DTC Test Kits: Portable Quantitative Analysis

DTC Test Kits are a portable testing method for quantitatively analyzing thiocarbamic pesticides in wastewater and soil.

Our first product, a test kit for Sodium Dimethyldithiocarbamate, was among four finalists at the Chattanooga Test Counsel’s Early Innovator Awards. Since then, we’ve developed several thiocarbamate test kits which feature volumetric titration, spectrophotometry, colorimetry and simple test strips. DTC Test Kits also formulates, manufactures and sells several types of hand sanitizers called RANITIZAH.

Our test kits are reasonably priced, quick and easy to use. Our goal is to make sure that every company that uses DTC around the world has a quick and accurate method to analyze it. We also want to keep designing and manufacturing more accurate and state of the art kits – not only for DTC but for its sister molecule, DEDTC (diethyldithiocarbamate) – and other pesticides and herbicides that can end up in wastewater and soils.

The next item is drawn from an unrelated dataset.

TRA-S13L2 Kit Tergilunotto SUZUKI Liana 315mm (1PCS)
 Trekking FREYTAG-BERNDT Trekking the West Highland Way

Started as a division of Fowler Industrial Plating (FIP), FIP was and is still using a metal ion reducing agent known as Sodium Dimethyldithiocarbamate, or DTC (aka DMDTC). This reducing agent was developed by the Union Carbide Company as a pesticide/herbicide/fungicide after World War II, but in the 1970s it became known for its very effective wastewater treatment properties. Randy Fowler has been working with DTC since 1987 and developed the first test kit in 1989, after becoming fascinated with how the chemical works and the fact that there was no way to control or practically analyze it.

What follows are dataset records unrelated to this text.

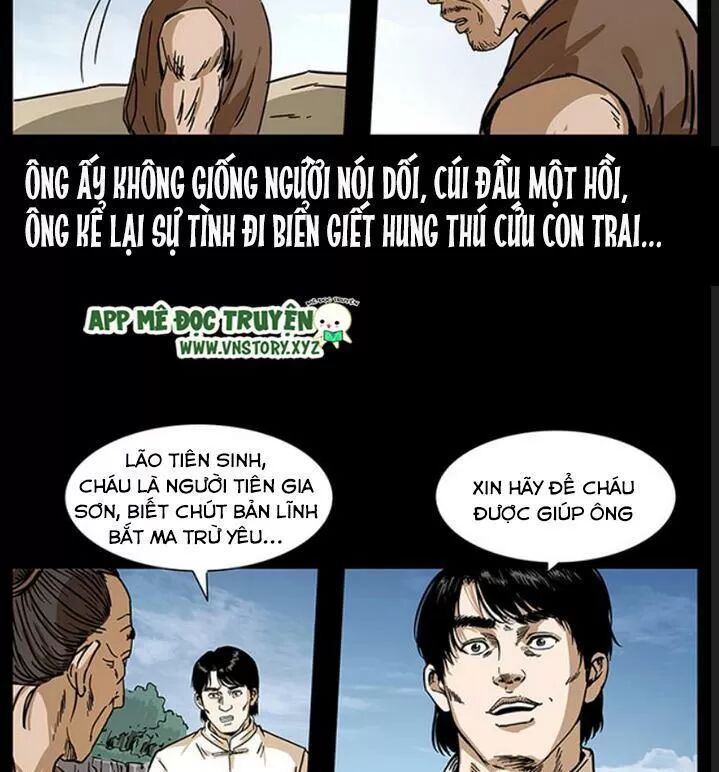 Đọc truyện U Minh Ngụy Tượng - Chap 234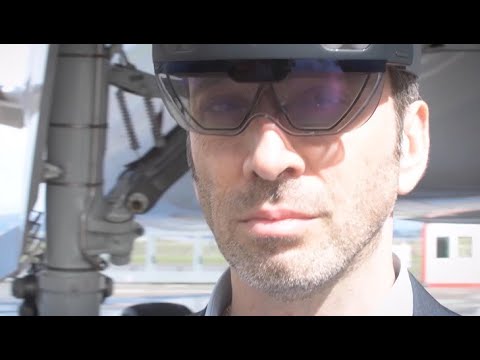 Steering VVIP Innovations with HoloLens and Augmented Reality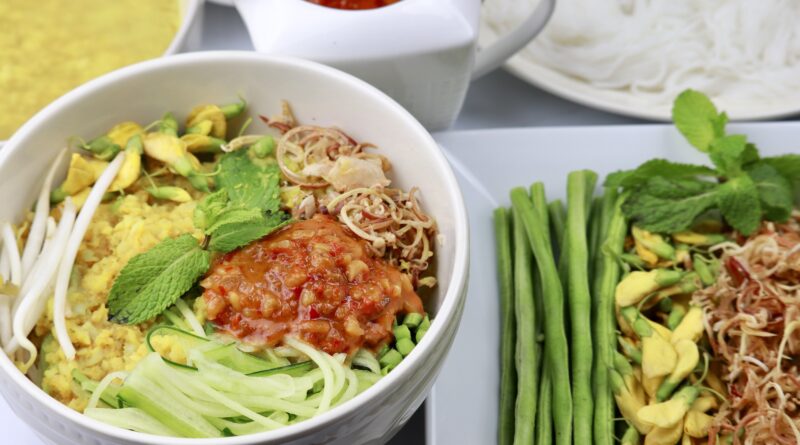 Nom Banh Chok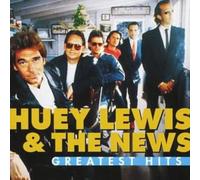 Huey Lewis and the News - Greatest Hits: Huey Lewis and the News [CD]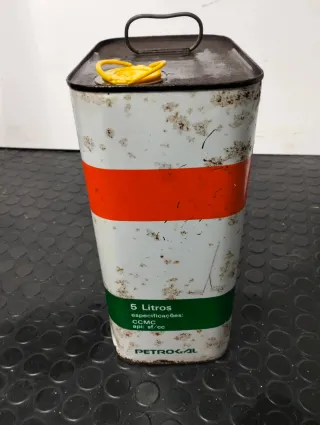 Lata Óleo Galp Veloce 5L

Between 2012 and 2015, Randy patented two methods to analyze DTC, which he fit into test kits. Another method and test kit is in development to analyze DTC that uses immersion test strips. The EPA has started to more closely regulate the use of DTC, and EPA divisions is some states are requiring companies have a method to quantitatively analyze DTC residuals in the wastewater of companies who use it in their pretreatment systems. That’s where we come in.


One of Randy’s first jobs was working as an autopsy assistant for Palomar Memorial Hospital in Escondido California. Protocol required that all transfer gurneys be wiped down with Isopropyl Alcohol, 65% solution, after transporting decedent patients from room to morgue. In time, he also began wiping his hands with isopropyl alcohol after removing gloves and for other cleaning. A friend and coworker suggested that it would be “really cool” if they added something to the alcohol to make it “not splash around.” The two friends began mixing it with a variety of emollients, including the juice from an aloe vera plant in Randy’s parents’ back yard, Surgilube Jelly and KY Jelly. At the time, the mixture was about 50% alcohol and about 50% emollient.

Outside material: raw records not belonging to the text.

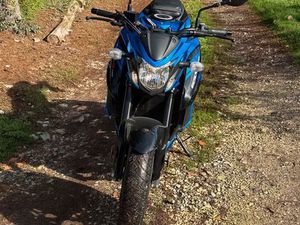 GSXS 750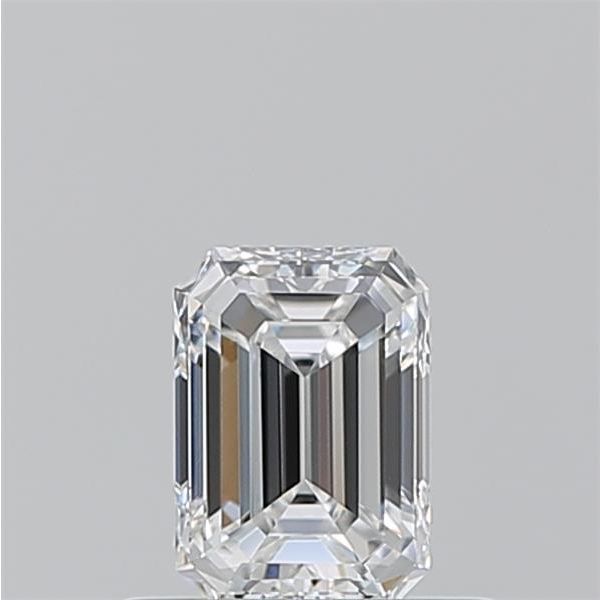 EMERALD 0.5 E VVS1 --VG-EX - 100769492206 GIA Diamond
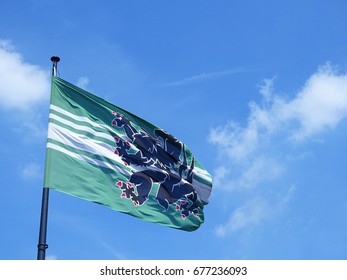 East Flanders Flag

As hand sanitizers became more popular, Randy began using a much higher ratio of alcohol to emollient and incorporated the use of Carbomer 940 acrylic cross polymer as a suspending agent along with an aloe vera extract. Because Randy was born and raised in the southwest, he wanted to add cactus to the formula, so two species of cactus and California Ice Plant was added to the blend. In environmental circles, this plant is seen as an “invasive species,” yet it’s a plant that can be used to provide nutrients.